De su visión catastrófica de la sociedad de consumo, de la censura al poder devastador del hombre sobre la naturaleza, de la rebeldía frente a los postulados y dogmas impuestos por una sociedad esclavista y desalmada, que requiere de mulas serviles que carguen el peso de todos esos castillos corporativos, que en el largo papel que atraviesa la mesa de su estudio, tienen alma, viven tras un proceso de humanización, dramatúrgico podría decirse, si tenemos en cuenta sus propias palabras: Un edificio es la manifestación teatral del recorrido. Me diría apuntando con el dedo un edificio de apartamentos, inmenso y repleto de vidrios brillantes, reflectivos, una mole impresionante que parecía un acorazado, un yuppy corporativo vestido de Armani de pies a cabeza, al que humanizaban varias zonas verdes en las que crecían arboles incrustados, arriba, en la fachada que traducía una novela ya escrita, describía al ser que camina por las páginas del cine y la literatura, que bien pude ser el Padrino de Puzzo tan gélido como humano, tan devastador como cariñoso, o el Hannibal Lecter tan brutal como emotivo, su edificio era el protagonista en el guion de una gran película, o cualquiera de esos personajes que todo escritor goza retratando en sus escritos, tan podridos y perversos, pero con una llama famélica de humanismo, el único recurso para que el lector se interese en ellos y quiera conocerlos, como las construcciones de Didier, que más que bonitas son interesantes porque son libros que agarran, que dan ganas de leer, de entrar en ellos.

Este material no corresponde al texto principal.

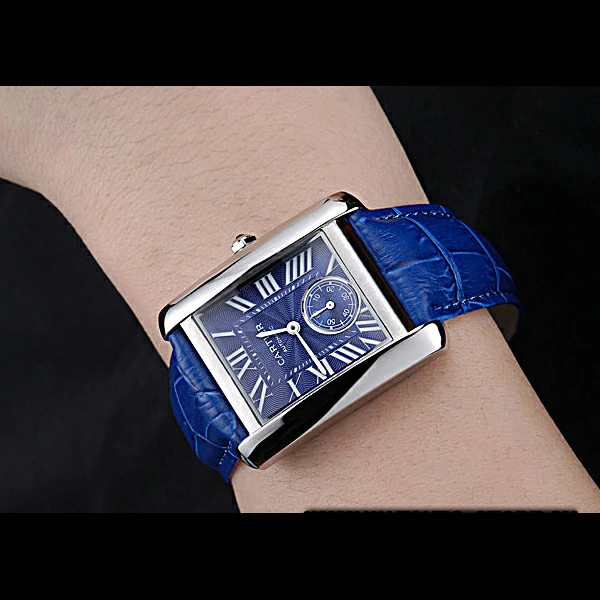 Cartier Tank MC Stainless Steel Case Blue Dial Blue Leather Strap new60076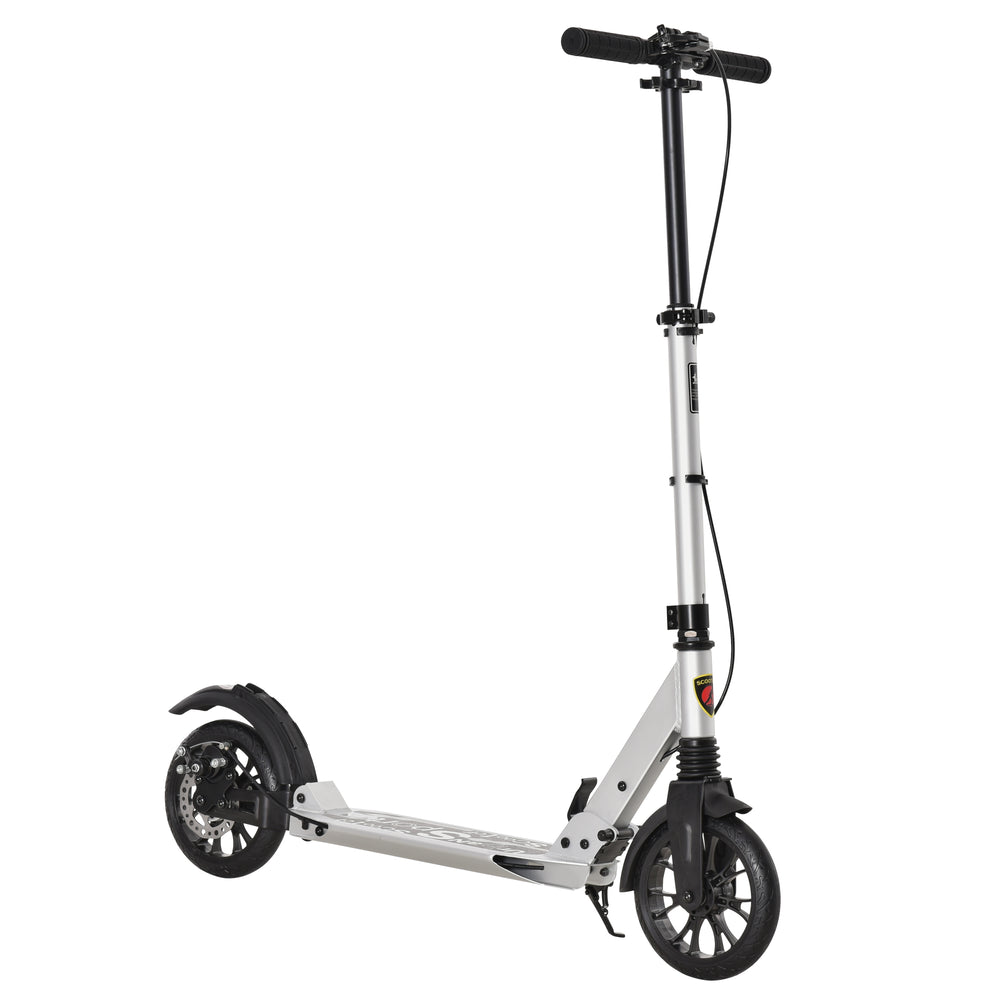 Adult Teens Kick Scooter Fold Adjust 14+ w/ Rear Wheel&Hand Brake Silver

– Una vez, por ejemplo, fueron la hadas – Me dijo observando fijo y frentero con una mirada que no mentía.
– ¿Las hadas? – le pregunté escéptico.
– Sí, las hadas- se detuvo seco. Antes de empezar a buscar un folleto.
Fue un conjunto de casas en la montaña, exclusivo para millonarios. Iniciaba su carrera. Se presentaron alconcurso varias firmas de arquitectos, él era prácticamente recién graduado, antes de elaborar los planos, visitando el terreno al que atravesaba un pequeño rio en el que habitaba todo un ecosistema, un anciano campesino le dijo que ese caudal era de la hadas y que era peligroso tocarlo. Didier fue finalista junto a otra, una firma muy puppy, ancestral y de prístino prestigio, firma que fue la ganadora con un proyecto que prometía un conjunto de lujo, que tapizaría en asfalto el lugar donde se iban a bañar todos los días aquellas diminutas deidades cósmicas.
– ¿Perdió? – pregunté.
– Si- dijo como el buen narrador que es, dejando lo mejor para el final.
Resulta que a la firma famosa no se le vendió ni una casa, el proyecto fue un fracaso total, entonces lo que hicieron fue llamar al segundo, al que ya tenía a las hadas de socias y que se pusieron de vendedoras tan eficaces que en un par de meses ya no quedaba nada por vender. Y allí están ahora los millonarios oyendo el ruido de la cañada, y arriba, en la biblioteca del estudio, sentada sobre uno de sus libros gruesos de fotografía, observándolo todo, un hada preciosa, de chaqueta de cuero se fuma un porro, sonríe y coqueta me pica el ojo.